Multiple industry sources suggest that the booster flew as expected until it failed to deploy the EKV, eliminating the chance for a kinetic kill.
If this is the case, the critical question is whether the failure is a result of a systemic design flaw that could jeopardize the functionality of the interceptors at Vandenberg and at Fort Greely in Alaska; these missiles on alert are the only line of defense against a North Korean intercontinental ballistic missile attack.
What these officials hope is that a hardware failure is the result of a single manufacturing defect or human error. Although embarrassing, this scenario would be the lesser of the evils because it would have fewer implications for the missiles already in silos.

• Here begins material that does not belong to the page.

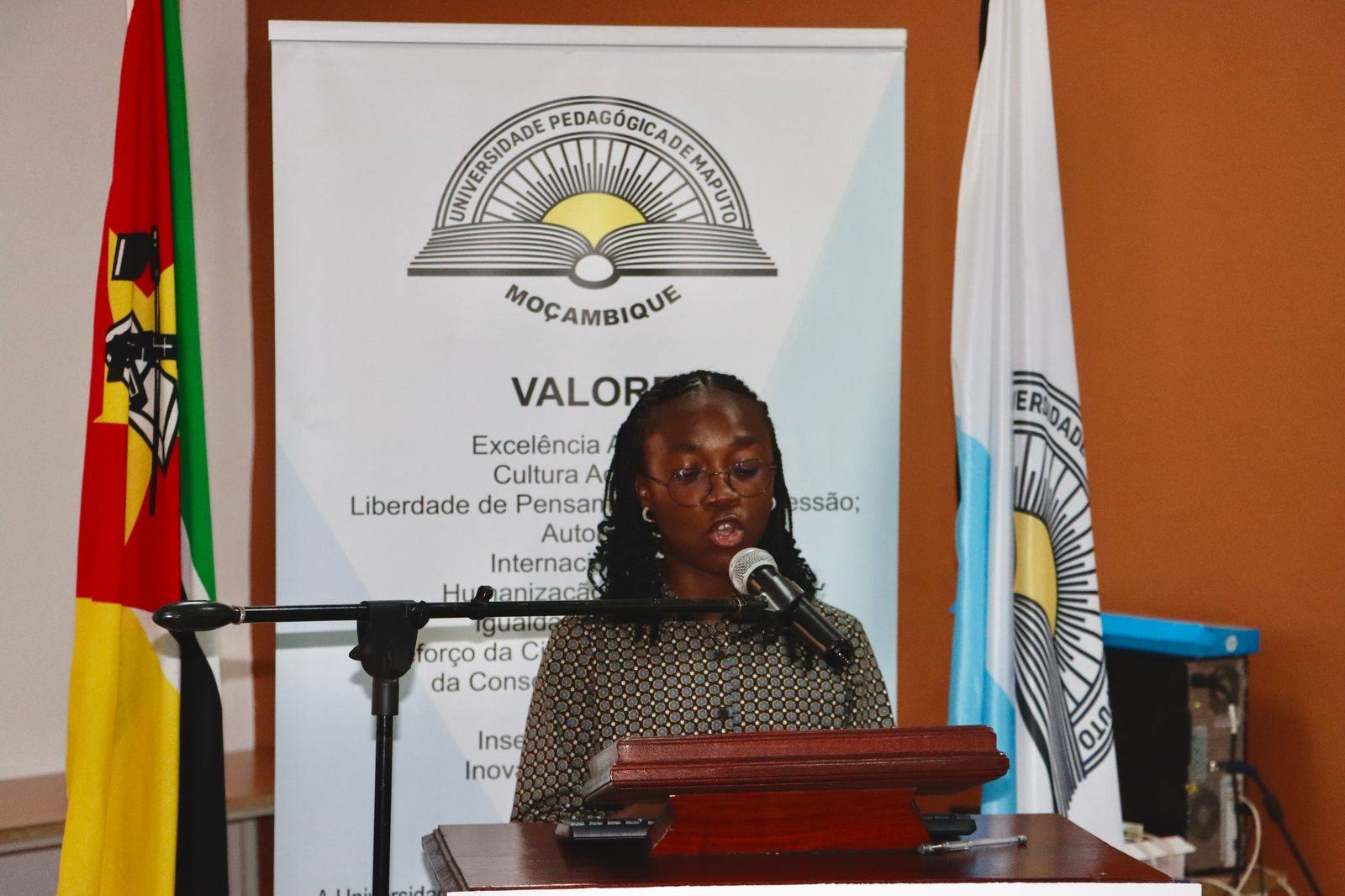 Estudantes da UP-Maputo recebem laptops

At the very least, an immediate operational upshot from the test is likely a shift in the so-called shot doctrine. The Army, which operates GMD, has rules that dictate how many interceptors or “shots” are dedicated to each target to ensure a kill. The more reliable the system is thought to be, the fewer interceptors designated per target.

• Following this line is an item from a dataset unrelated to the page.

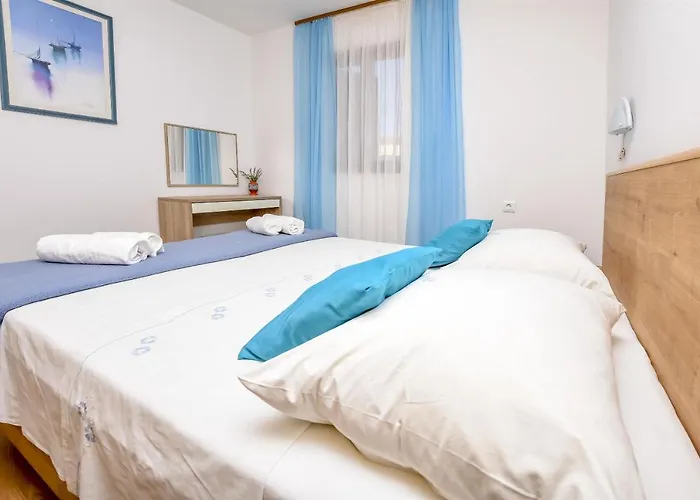 Apartments&Room Novokmet Rogoznica (Sibenik-Knin)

Now, the GBI with the “Capability Enhancement-1,” or CE-1, kill vehicle has achieved eight of 14 intercept attempts.
An increase in the number of missiles assigned to each target diminishes the number of ICBMs the system could handle in a short time, according to one missile defense industry official. “What this test says is that the next time it may work or it may not work,” another official says. “Deterrence is modestly degraded.”
The failure, while vastly disappointing to those in the industrial and government sectors, was not a surprise to all. “At the end of the day, you get what you pay for,” this official says.
The dismal performance is the result of more than five years of diminished funding for GMD development, he says. Funding earmarked for development was actually used to buy GBIs—even though the design was immature—or to fund other activities, such as building a third GMD deployment site in Poland, a plan that was subsequently derailed.
The offset was a gutting of what should have been a consistent program of testing and improving the nascent GMD design, including attention to the GBI, EKV and command-and-control links, the official says.